So kam es, dass mir der Alkoholiker nun ein willkommendes Moment ist, ein Saufbruder für 10 oder gar 30 Minuten. Mal mit ihm anzustoßen. Mein Glück muss gefeiert werden. Und er hat sein Glück sicher auch in diesen Momenten. Ich war angetan, die Welt noch ein Stück mehr aus den Angeln zu heben, indem ich in Frieden gehen werde, und den späten Herbst jetzt schon genoß.
Und mal schauen, welche Botschaft er für mich hat, wer weiss.
Ein
Bier, ein
Neuanfang ist ja gegeben, sorgenfrei jetzt alles, das muss gefeiert
werden. Ich hatte Lust, die Welt für meine Begriffe aus den Angeln zu
heben, wie man es
mit einer Flasche Bier schon mal so tut, als ein lockeres
Flanieren.
Ich sagte ihm: "naja, nun schau mal,
das harte Zeug ist es doch gerade, was einen richtig fertig macht -
wenn
du davon
runter
kommen willst, hey, dann ist Bier auf jeden Fall besser. Das ist
sanfter, das haut nicht so
rein, weisste".
Meine Worte mussten wie eine Beschwörung
klingen:
"Du brauchst dich mit dem harten Zeugs ja nicht immer
so abzuschiessen". Aber es machte mich nun auch neugierig, was er
vorhin angedeutet
hatte: er will mir was erzählen. Etwas Besonderes.
"Wolltest du mir
nicht was
erzählen?"
"Jaja," brüllte er schon...
"Ich
brauch erst was zum
Saufen, sonst kann ich dir das nicht erzählen."
"Aber kein Schnaps, ich hole dir Bier..."
"Ja, dann hol mir Bier - Bier, das ist okay...", griesgrämig blickte er zur Seite ins Nirgendwo, um dann kurz darauf mit einer etwas zuckenden Bewegung einen Punkt zu fixieren, der mitten durch mich hindurchzugehen schien, wie Butter ins Nirvana.
Ich bat ihn um ein
bisschen Geld, obwohl ich selbst
nach diesem durchgestandenen Tag Spendierlaune hatte, aber
andererseits weiss ich, was zwei Euro wert sein können. Er gab
mir
ein
Euro und zwanzig Cent.
Mehr nicht... - dachte
ich.
"Bier kostet ja nichts", meinte er.
Als ich ging, kamen zwei Straßenfeger in ihren orangefarbenen Anzügen an unseren Sitzplätzen vorbei und leerten die Papierkörbe, machten hier und dort sauber.
Im Laden musste ich feststellen, dass die nur Dosenbier für 65 cent hatten - entgegen meiner Hoffnung, mit ein Euro und zwanzig auch selbst noch eine Pulle abzubekommen. Ich dachte, dass früher selbst das Markenbier billiger war als heute das Billigbier. Alles wird teurer.

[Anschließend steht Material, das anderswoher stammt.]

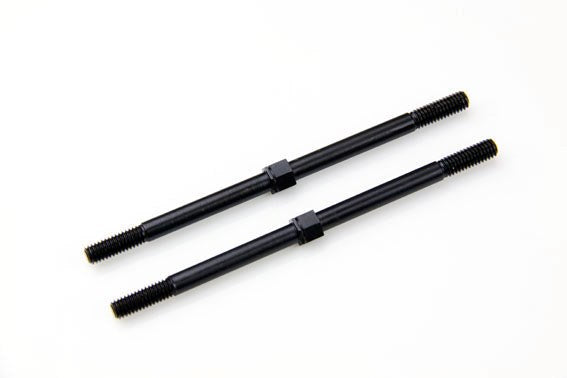 Hong Nor XT-11 Turnbuckle 4x80mm   Truggy - Hobby City NZ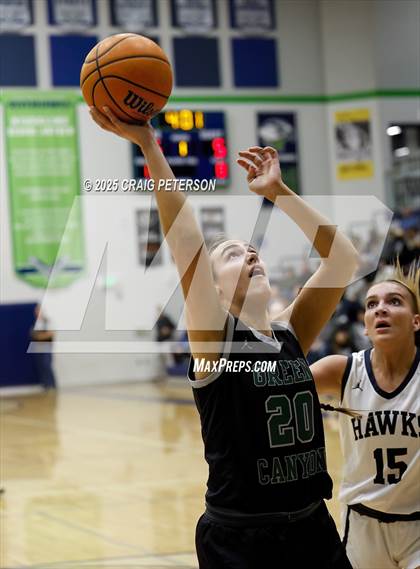Thumbnail 2 in Green Canyon @ Ridgeline photogallery.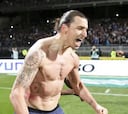 Ibrahimovic: "Portugal es la favorita, serán dos finales"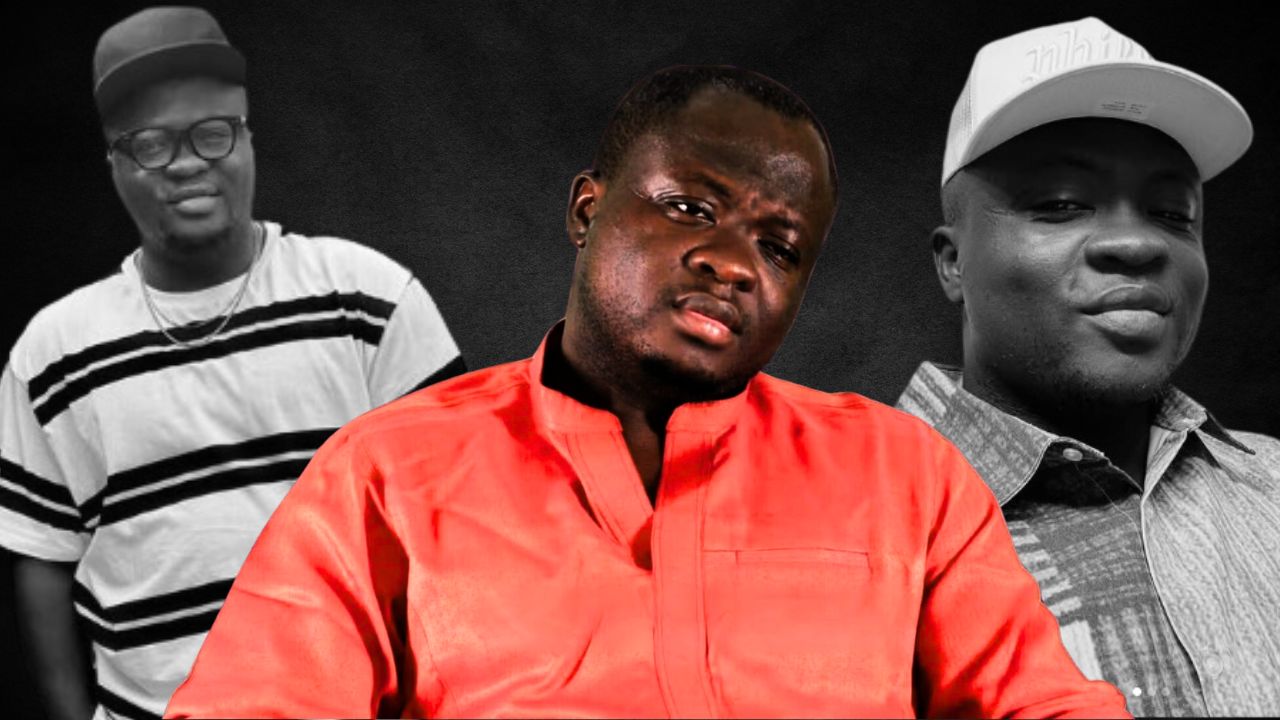 90 DAY FIANCE MICHAEL ILLESANMI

Aber nun haben sie noch nicht mal Flaschenbier, das ist ja richtig mies - denn das Pfand auf Flaschen kostet weniger. Nun, das ist jetzt aber schade, das ist sogar richtig doof. Ich überlegte eine Weile, was jetzt angeraten ist zu tun.
Da das Pfand auf Dosen ganze 25 Cent betrug, anders wie die 8 cent für Flaschen, musste ich am Ende noch zwei Euro drauf legen für die zwei Dosen, die ich ihm geben wollte und für die eine, die ich mir redlich verdient hatte nach diesem Tag. Mit dem Billigbier für 35 Cent wollte ich ihm nicht kommen; - ich kannte mich aus: Selbst manchen hartgesottenen Alkoholiker, dem es eigentlich nur um die Promille geht, macht die Qualität bei Bier etwas aus, wenn es auch nur das Auge ist, das mit trinkt. Vielleicht kann man es als die letzte Würde betrachten, die man sich noch gönnt.
Bier ist anders als Schnaps ein Genußgetränk für Süchtige - nicht weil man mehr davon runter kriegen würde, sondern man genießt es anfangs, weil es erfrischt, und zunächst einen Wohlreiz verschafft, und der Alkohol noch nicht dröhnt. Deshalb trinkt man gewöhnlich innerhalb kürzester Zeit zwei Dosen auf einmal.
Ach, was waren das Zeiten, als man unter Freunden, Kollegen und Trinkbrüdern saufte, mit einem Bier in der Hand, welches Marke und Geschmack hatte, und das man zurecht öffentlich loben konnte.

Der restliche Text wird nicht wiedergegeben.